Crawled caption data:
- - - - - - -
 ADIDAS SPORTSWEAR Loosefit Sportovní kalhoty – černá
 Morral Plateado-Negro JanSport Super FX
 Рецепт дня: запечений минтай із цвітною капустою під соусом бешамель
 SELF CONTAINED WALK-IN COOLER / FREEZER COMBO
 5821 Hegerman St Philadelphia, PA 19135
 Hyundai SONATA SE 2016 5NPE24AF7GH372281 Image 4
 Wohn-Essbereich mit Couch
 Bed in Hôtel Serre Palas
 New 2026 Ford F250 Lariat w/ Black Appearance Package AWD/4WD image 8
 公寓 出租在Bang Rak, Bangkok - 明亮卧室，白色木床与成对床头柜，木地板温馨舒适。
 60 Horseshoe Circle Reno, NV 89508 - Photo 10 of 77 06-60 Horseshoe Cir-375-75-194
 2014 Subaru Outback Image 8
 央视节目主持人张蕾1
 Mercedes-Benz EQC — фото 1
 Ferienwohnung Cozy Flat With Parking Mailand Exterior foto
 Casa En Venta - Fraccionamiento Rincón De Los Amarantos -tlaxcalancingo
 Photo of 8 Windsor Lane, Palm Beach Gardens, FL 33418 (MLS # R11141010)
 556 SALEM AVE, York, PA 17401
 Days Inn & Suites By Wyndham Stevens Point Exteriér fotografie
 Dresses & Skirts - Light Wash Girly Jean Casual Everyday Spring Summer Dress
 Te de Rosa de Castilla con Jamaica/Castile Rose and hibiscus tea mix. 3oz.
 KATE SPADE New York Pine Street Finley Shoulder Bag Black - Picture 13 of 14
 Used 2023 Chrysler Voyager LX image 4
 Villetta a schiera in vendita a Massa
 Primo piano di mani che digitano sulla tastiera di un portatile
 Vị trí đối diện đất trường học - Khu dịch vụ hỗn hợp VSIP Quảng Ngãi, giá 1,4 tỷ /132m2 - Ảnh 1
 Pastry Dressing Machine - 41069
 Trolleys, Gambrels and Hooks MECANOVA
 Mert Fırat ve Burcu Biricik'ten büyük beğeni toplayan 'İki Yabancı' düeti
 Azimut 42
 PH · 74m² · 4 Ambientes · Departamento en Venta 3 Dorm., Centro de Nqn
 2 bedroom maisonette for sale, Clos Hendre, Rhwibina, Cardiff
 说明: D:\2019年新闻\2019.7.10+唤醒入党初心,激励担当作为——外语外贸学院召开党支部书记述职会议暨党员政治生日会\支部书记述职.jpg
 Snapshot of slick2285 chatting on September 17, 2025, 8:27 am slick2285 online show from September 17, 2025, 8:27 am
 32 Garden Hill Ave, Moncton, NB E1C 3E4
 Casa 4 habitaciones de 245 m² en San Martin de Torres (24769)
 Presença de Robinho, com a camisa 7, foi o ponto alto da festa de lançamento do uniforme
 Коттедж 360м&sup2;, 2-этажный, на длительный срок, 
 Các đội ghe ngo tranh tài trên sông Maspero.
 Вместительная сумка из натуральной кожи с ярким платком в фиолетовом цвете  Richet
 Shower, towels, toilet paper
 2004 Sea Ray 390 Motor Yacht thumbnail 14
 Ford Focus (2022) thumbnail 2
- - - - - - -
> **EXERCISE BRIEF**: Repeat the entries above exactly, leaving nothing out.

> **ANSWER SECTION**:
 ADIDAS SPORTSWEAR Loosefit Sportovní kalhoty – černá
 Morral Plateado-Negro JanSport Super FX
 Рецепт дня: запечений минтай із цвітною капустою під соусом бешамель
 SELF CONTAINED WALK-IN COOLER / FREEZER COMBO
 5821 Hegerman St Philadelphia, PA 19135
 Hyundai SONATA SE 2016 5NPE24AF7GH372281 Image 4
 Wohn-Essbereich mit Couch
 Bed in Hôtel Serre Palas
 New 2026 Ford F250 Lariat w/ Black Appearance Package AWD/4WD image 8
 公寓 出租在Bang Rak, Bangkok - 明亮卧室，白色木床与成对床头柜，木地板温馨舒适。
 60 Horseshoe Circle Reno, NV 89508 - Photo 10 of 77 06-60 Horseshoe Cir-375-75-194
 2014 Subaru Outback Image 8
 央视节目主持人张蕾1
 Mercedes-Benz EQC — фото 1
 Ferienwohnung Cozy Flat With Parking Mailand Exterior foto
 Casa En Venta - Fraccionamiento Rincón De Los Amarantos -tlaxcalancingo
 Photo of 8 Windsor Lane, Palm Beach Gardens, FL 33418 (MLS # R11141010)
 556 SALEM AVE, York, PA 17401
 Days Inn & Suites By Wyndham Stevens Point Exteriér fotografie
 Dresses & Skirts - Light Wash Girly Jean Casual Everyday Spring Summer Dress
 Te de Rosa de Castilla con Jamaica/Castile Rose and hibiscus tea mix. 3oz.
 KATE SPADE New York Pine Street Finley Shoulder Bag Black - Picture 13 of 14
 Used 2023 Chrysler Voyager LX image 4
 Villetta a schiera in vendita a Massa
 Primo piano di mani che digitano sulla tastiera di un portatile
 Vị trí đối diện đất trường học - Khu dịch vụ hỗn hợp VSIP Quảng Ngãi, giá 1,4 tỷ /132m2 - Ảnh 1
 Pastry Dressing Machine - 41069
 Trolleys, Gambrels and Hooks MECANOVA
 Mert Fırat ve Burcu Biricik'ten büyük beğeni toplayan 'İki Yabancı' düeti
 Azimut 42
 PH · 74m² · 4 Ambientes · Departamento en Venta 3 Dorm., Centro de Nqn
 2 bedroom maisonette for sale, Clos Hendre, Rhwibina, Cardiff
 说明: D:\2019年新闻\2019.7.10+唤醒入党初心,激励担当作为——外语外贸学院召开党支部书记述职会议暨党员政治生日会\支部书记述职.jpg
 Snapshot of slick2285 chatting on September 17, 2025, 8:27 am slick2285 online show from September 17, 2025, 8:27 am
 32 Garden Hill Ave, Moncton, NB E1C 3E4
 Casa 4 habitaciones de 245 m² en San Martin de Torres (24769)
 Presença de Robinho, com a camisa 7, foi o ponto alto da festa de lançamento do uniforme
 Коттедж 360м&sup2;, 2-этажный, на длительный срок, 
 Các đội ghe ngo tranh tài trên sông Maspero.
 Вместительная сумка из натуральной кожи с ярким платком в фиолетовом цвете  Richet
 Shower, towels, toilet paper
 2004 Sea Ray 390 Motor Yacht thumbnail 14
 Ford Focus (2022) thumbnail 2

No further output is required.